Before we talk about what the Where method does, let's take a quick look at the parameter it takes: the lambda expression "n => n < 10".  If you use Intellisense to examine what parameter type the Where method is expecting, you will see "Func<int, bool> predicate".  This is a generic delegate, which takes one parameter (an int) and returns a value (a bool). 

But we are assigning a lambda expression to this delegate...why does that compile?  It's because the underlying type of a lambda expression is a generic Func delegate, so we can pass a lambda expression as a parameter without assigning it to a delegate explicitly. 

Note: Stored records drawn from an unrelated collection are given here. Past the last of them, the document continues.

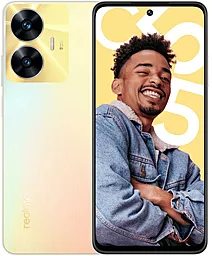 Смартфон Realme C55 6/128GB (RMX3710) NFC Sunshower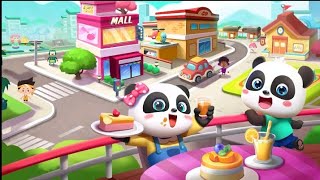 little panda taylor fun game (little panda season) screenshot 1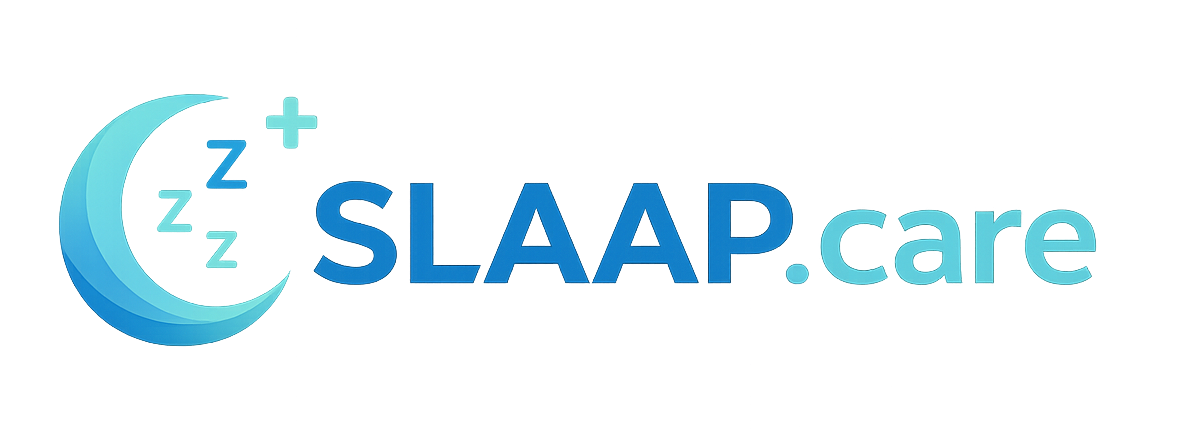 SLAAP.care logo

Therefore, in our Func<int, bool>, the int is "n" and the bool is "n < 10".  These types are inferred by the compiler and don't need to be declared explicitly.  It might be easier to think of "n => n < 10" as this (which the compiler will translate it into):

 

private static bool LambdaFunction(int n)
{
    return n < 10;
}

 

Now, what is the Where method doing?  It actually calls this lambda function, passing in each non-negative integer (up to 2,147,483,647, from the Range) as “n”, and getting back a Boolean result on whether each is less than 10.  Yes, the lambda expression is called 2,147,483,647 times.  That is the correct behavior of the Where method: to evaluate the predicate for every member of the sequence.  This is not optimal for this particular scenario, but there is nothing that tells the compiler that once you go beyond 10 in the number line, nothing will be less than 10.  (NOTE: there are ways to avoid this if you are processing a sorted sequence with a well-defined cutoff point - use the TakeWhile method instead of Where.)

Also, note that the "Where" method uses deferred execution.  It actually returns an object which stores all of the info needed to run the query, and the query itself isn't executed until the object is enumerated in the "foreach" statement.  Specifically, the Where method just checks its input parameters (so "bad argument" exceptions can be thrown immediately, not deferred) and then returns an enumerator. 

So where is n actually initialized?  The "n" is a parameter to the lambda function.  Again, the actual lambda function would look like this:

 

private static bool LambdaFunction(int n)
{
    return n < 10;
}

 

So "n" is initialized the same way any other function parameter is initialized: by calling the function, a copy of the variable that is passed in will be made. 

Special thanks to Eric Lippert, David Carley, and Wolf Logan for their insights and discussion on implementation details.